Still, once a while I need to view a Flash applet. Ideally, I would like to have Flash installed but disabled, such that I can enable it for a given page with a single click. This doesn’t seem to be possible (my guess is that Adobe knows very well that Flash is mostly used in ways that are not welcomed by users and that they would likely disable it most of the time if given the option). So here is a convenient way to achieve the same effect:
While I have not installed the Flash player in Firefox, I have installed it in IE. I have also installed the IE Tab Firefox add-on which allows one to switch from the Firefox rendering engine to the IE rendering engine within a given Firefox tab. It can be configured to place a small icon in the status bar. Clicking on that icon switches the rendering engine, which means that suddenly the Flash player is enabled for the page you are looking at. One-click enable/disable as requested!
You can also configure IE Tab to automatically switch to IE rendering for some pre-configured sites. So if there are Flash-dependent sites that you use on a regular basis, just enter them there and the IE rendering engine will automatically be used whenever you are on those sites. Again, this all happens inside your Firefox tab, it doesn’t start a separate IE browser. Enjoy.
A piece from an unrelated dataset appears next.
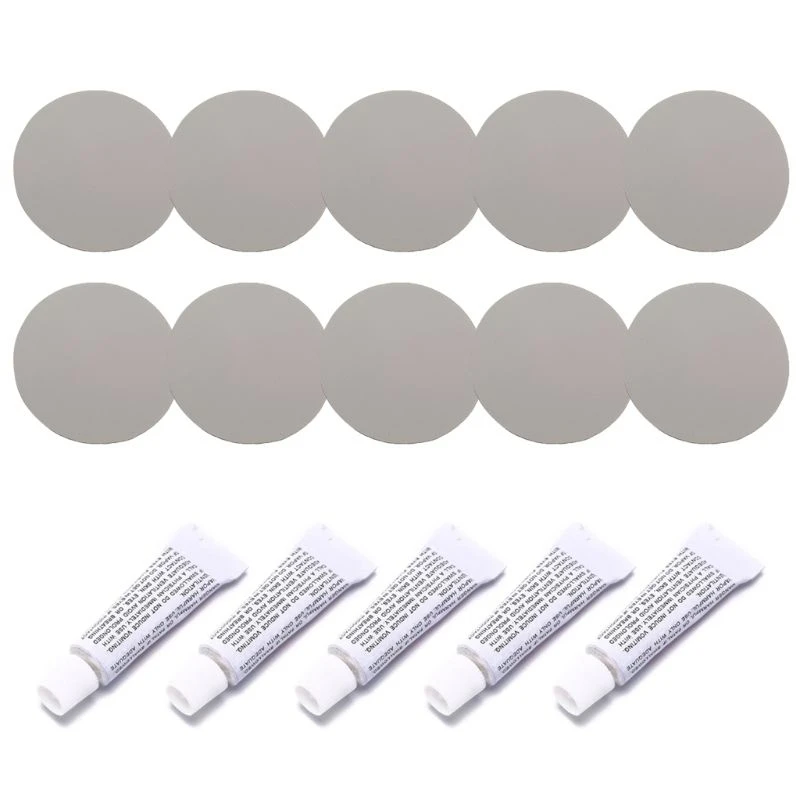 Livraison directe. Kit de réparation de bateau gonflable, 5 pièces, patchs adhésifs en PVC pour canapé lit à eau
[UPDATED on 2007/12/24: I wrote this entry to try to help readers and it turns out I am the one who’s getting helped after all. Many commenters pointed to the Flashblock firefox add-on which is designed specifically to do what I get done in a round-about way with IE Tab. I looked for such an add-on some time ago and didn’t find it, which is why I devised the work-around. Thank you all for the info.]
[UPDATED 2008/5/14: Another reason to keep Flash turned off: Crossdomain.xml Invites Cross-site Mayhem.]
[UPDATED 2008/6/9: Looks like Flashblock can be circumvented (in a way that my more basic FF vs IE setup cannot). BTW, I closed comments on this entry because for some reason it was attracting a lot more comment spam than all the others combined. Email me (see about page) if you want to post a comment here.]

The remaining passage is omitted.